What to do → Each line from the one with "Letnia sukienka hiszpanka" through the last line below must be written out exactly. Do not copy pictures.

** Opening Extracted entries block **

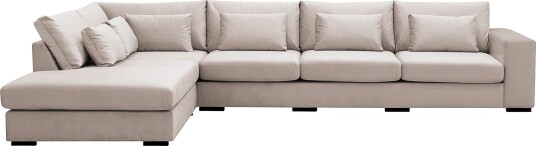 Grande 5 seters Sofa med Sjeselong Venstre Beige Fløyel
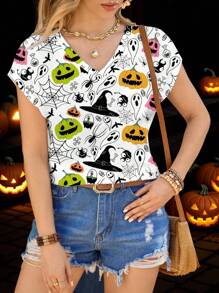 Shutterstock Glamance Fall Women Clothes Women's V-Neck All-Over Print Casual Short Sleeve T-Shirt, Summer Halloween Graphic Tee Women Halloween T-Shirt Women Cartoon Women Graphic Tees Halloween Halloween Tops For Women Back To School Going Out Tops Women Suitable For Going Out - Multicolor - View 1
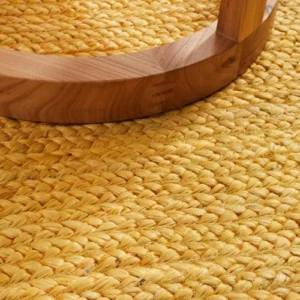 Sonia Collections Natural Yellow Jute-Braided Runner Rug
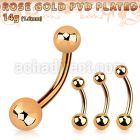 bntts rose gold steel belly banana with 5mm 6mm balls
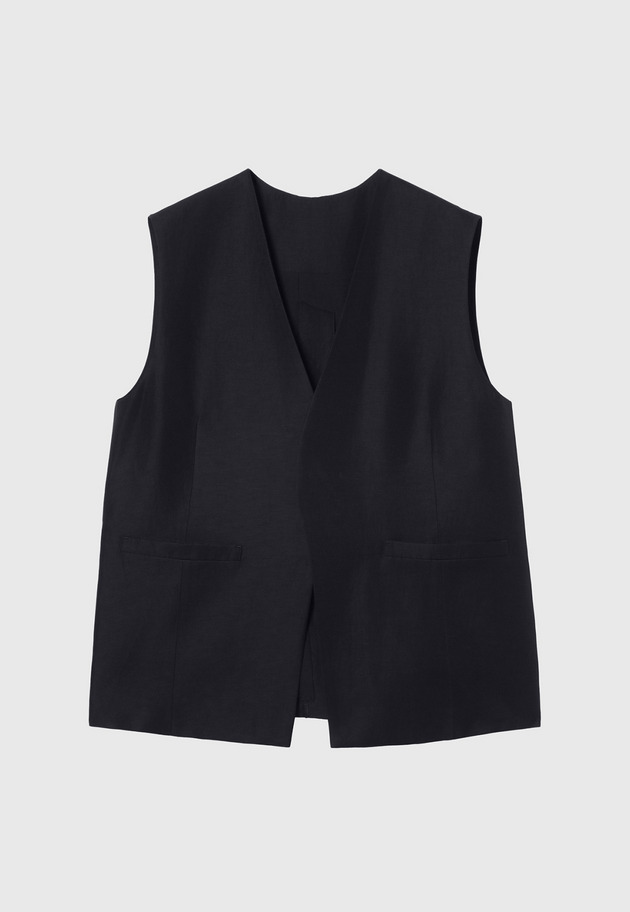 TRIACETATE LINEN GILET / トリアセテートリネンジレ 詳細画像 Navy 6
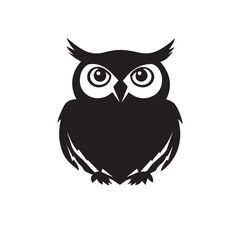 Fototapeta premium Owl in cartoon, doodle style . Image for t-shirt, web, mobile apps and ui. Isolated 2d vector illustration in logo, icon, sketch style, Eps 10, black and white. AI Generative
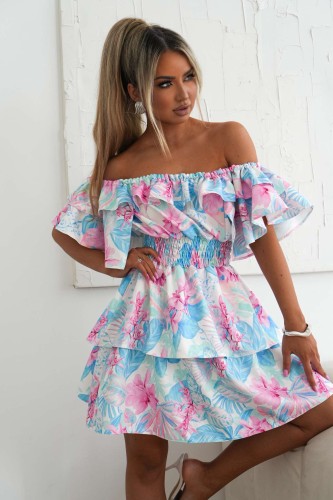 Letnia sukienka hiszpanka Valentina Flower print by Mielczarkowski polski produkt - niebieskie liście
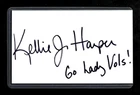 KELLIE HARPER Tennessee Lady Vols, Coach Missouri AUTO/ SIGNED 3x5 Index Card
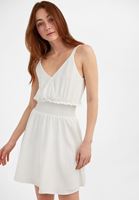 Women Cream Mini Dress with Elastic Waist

** Closing Extracted entries block **

Output of the task →
 Letnia sukienka hiszpanka Valentina Flower print by Mielczarkowski polski produkt - niebieskie liście
 KELLIE HARPER Tennessee Lady Vols, Coach Missouri AUTO/ SIGNED 3x5 Index Card
 Women Cream Mini Dress with Elastic Waist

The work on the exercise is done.